Mungkin setelah ini Doni akan menganggap Abel ini sangat tidak ramah sebagai pacar dari sahabatnya, terlihat dari bagaimana ekspresi kesal Abel ketika bertemu dengannya hari ini. Tapi Abel tidak perduli, karena saat ini Abel benar-benar kecewa. Entah sudah keberapa kalinya.

"Benar, feel free untuk kencana kalian. Anggap aku tidak ada disini, anggap saja orang asing," ujar Doni kemudian kembali fokus pada ponselnya.

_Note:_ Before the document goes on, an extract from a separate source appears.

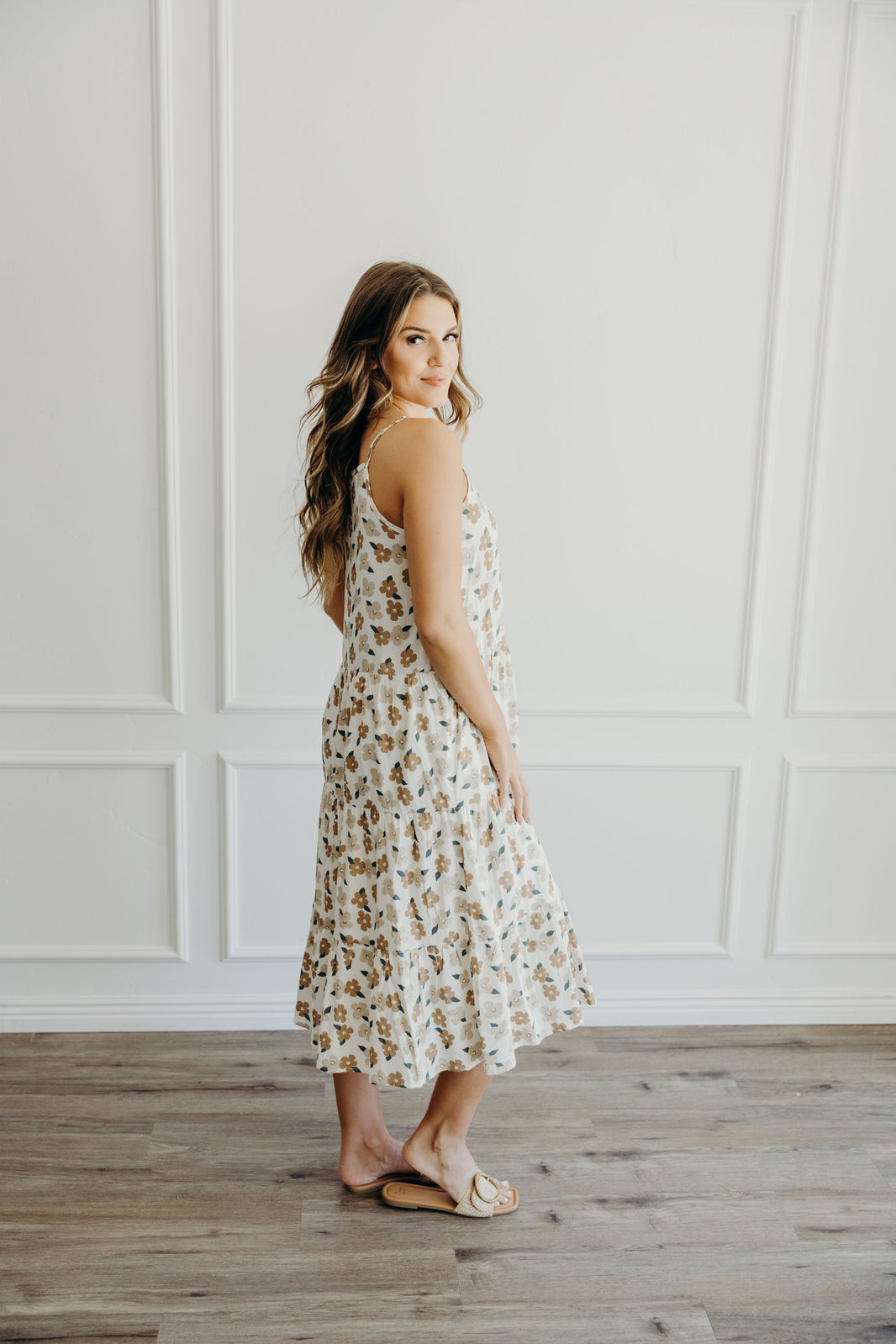 THE COLLYNS IN WALNUT FLORAL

Abel terdiam sebentar sebelum menyampirkan tasnya pada sisi bahu kursi kemudian duduk yang membuatnya dapat berhadapan langsung dengan wajah Rio. Berusaha mempertahankan suasana hatinya agar tidak turun dengan drastis, Abel akhirnya fokus untuk menyelamatkan kencan mereka ini.

"Udah pesan makanan?" tanya Abel kepada Rio.

"Belum, pesan aja. Aku ikut pesanan kamu."

"Oke."

Abel akhirnya pergi ke area kasir untuk memesan, kemudian setelah Abel balik ke meja mereka, ia masih mendapati Rio yang fokus dengan permainannya.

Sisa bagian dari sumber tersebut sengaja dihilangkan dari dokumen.